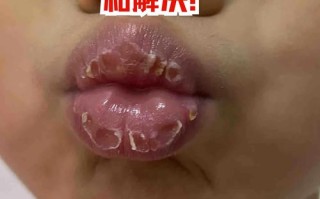 儿童嘴唇干裂是缺水、过敏还是疾病信号？家长该如何科学应对？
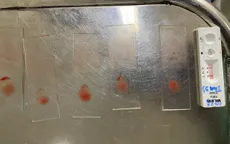 Thừa Thiên Huế ghi nhận ca bệnh sốt rét ngoại lai đầu tiên của năm 2024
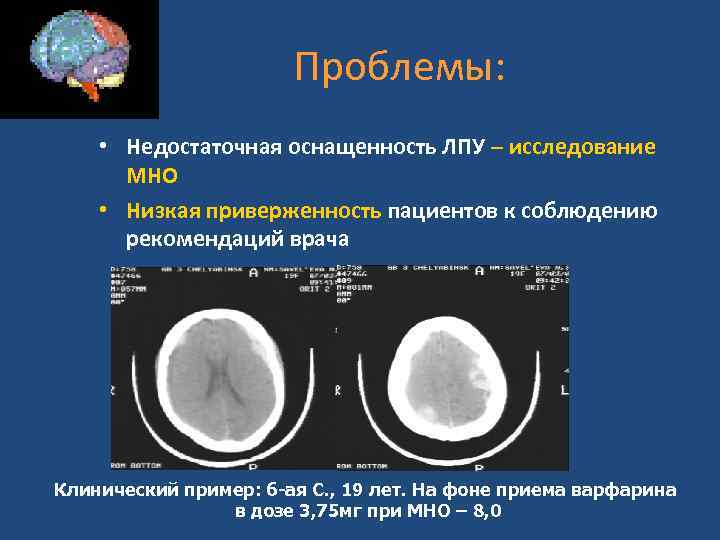  Проблемы: • Недостаточная оснащенность ЛПУ – исследование МНО • Низкая приверженность пациентов к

> _Problem_: This task calls for the listing to be restated exactly, with images omitted.

> _Answer space_:
 儿童嘴唇干裂是缺水、过敏还是疾病信号？家长该如何科学应对？
 Thừa Thiên Huế ghi nhận ca bệnh sốt rét ngoại lai đầu tiên của năm 2024
  Проблемы: • Недостаточная оснащенность ЛПУ – исследование МНО • Низкая приверженность пациентов к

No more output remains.